Lieber neu unterfüttern und die alte Schnur wieder drauf oder neue Schnur. Von knoten in der hauptschnur halte ich nichts


----------



## Nordlichtangler (8. Oktober 2016)

*AW: Abgeschnittene Schnur wieder anknoten*



Steffe schrieb:


> Hi. Musste eben viel Hauptschnur abschneiden. Kann ich die wieder mit einem doppelten grinner anknoten oder spricht irgendwas dagegen?


Der Grinner ist erstmal schlechter als der Uni-Knoten, was die Haltbarkeit betrifft, und leichter in Etappen binden und zuziehen lässt der sich auch. Der hält schon einiges wenn gescheit gebunden ...

Wegschmeißen bei wenig wurde ja schon gesagt, du schreibst aber viel. Bis 100m möchte ich wie viele andere die Schnur glatt. Nehmen wir mal 50m Verlust an, das ist doof viel. :g
Wenn möglich spule ich bei nächster Gelegenheit die ganze Hauptschnur ab und binde mit Uni-Uni die Schnur zwischen die Unterfütterungsschnur/monofile und die laufende Hauptschnur und schon stimmt die Sache wieder. 
Kein Knoten stört bei 150m das Werfen.
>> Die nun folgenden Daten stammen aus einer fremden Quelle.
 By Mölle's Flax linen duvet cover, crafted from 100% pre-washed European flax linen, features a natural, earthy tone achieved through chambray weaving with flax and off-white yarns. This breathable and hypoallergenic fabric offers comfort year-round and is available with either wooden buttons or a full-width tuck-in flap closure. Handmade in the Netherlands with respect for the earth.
Ich versuche immer wenigsten 150 bis besser 200m (gerade bei dünnen die eher mal reißen) draufzuhaben, da kann man erst nachspulen und dann noch komplett umdrehen.
So hält die Schnurfüllung sehr lange und man kann mit unter/-zwischenfüllen öfter wieder nachbessern. 
Macht sich mit einer zweiten gleichartigen Rolle und leerer E-Spule am besten! #6


----------



## feederbrassen (8. Oktober 2016)

*AW: Abgeschnittene Schnur wieder anknoten*

Mach nen Mahin Knoten, der hält besser,  ist schön klein und passt super durch die Rutenringe.


----------



## Nordlichtangler (8. Oktober 2016)

*AW: Abgeschnittene Schnur wieder anknoten*

Der mir von mir gerade unter dem Namen "Mahin Knoten" angeschaute ist ein Schlagschnurknoten, der taugt eher für ungleiche Schnüre als für gleiche. 
Wenn man ihn immer wieder frisch macht, ist ja alles gut, aber für Schnurflickverbindungen will man das eigentlich nicht.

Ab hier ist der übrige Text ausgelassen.